Standing on the Shoulders of Giants

Ultimately, async/await builds on a concept of using interrupts instead of polling. This isn't a new concept by any means, arguably it's one of the oldest ideas in computer science. Wikipedia notes one of the first system that used a concept of interrupts can be dated to the 18-ton DYSEAC from 1954, made for the US Army. Interrupts were important, especially with early computers, because they just didn't have the CPU cycles to spare on polling.

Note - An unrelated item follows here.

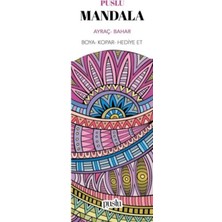 Senka Mandala Ayraç - Bahar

The CPU is almost always going to have to wait for something. Even with our modern SSD's, they still just push electrons, which only can only travel as fast as light. This was even more true with tapes, where access latency was bound to moving physical parts through an atmosphere.

Let's illustrate this point by looking at what computers don't do. This is an example of a polling implementation, where the CPU is asking the microprocessor in a SSD to fetch some data.

sequenceDiagram
    CPU->>SSD: Get me sector 1000.
    CPU->>SSD: Are you done yet?
    CPU->>SSD: Are you done yet?
    CPU->>SSD: Are you done yet?
    SSD->>CPU: Yep, here's your data!

Rendering Diagram...

This is a Mermaid interactive diagram that requires JavaScript to be enabled.

This synchronous polling is just a waste of CPU cycles, emitting heat without any tangible benefits. The CPU needs to be constantly involved instead of doing something more useful.

This problem was solved by introducing a concept of an interrupt - a signal that "interrupts" currently executing code. So we can change that example above to be "interrupt driven":

sequenceDiagram
    CPU->>SSD: Get me sector 1000 and interrupt me when ready.
    CPU->>CPU: Do other stuff.
    SSD-->>CPU: Hey! I've got your data, it's all ready!
    CPU->>SSD: Ooh, let me have it then!
    SSD->>CPU: Here you go!

Rendering Diagram...

This is a Mermaid interactive diagram that requires JavaScript to be enabled.

As shown, this frees up the CPU to do other stuff while the SSD asynchronously processes the request and prepares the data for the CPU.

If I were to personify the computer, I would say this interrupt/event driven approach is what the computer naturally "wants" to do.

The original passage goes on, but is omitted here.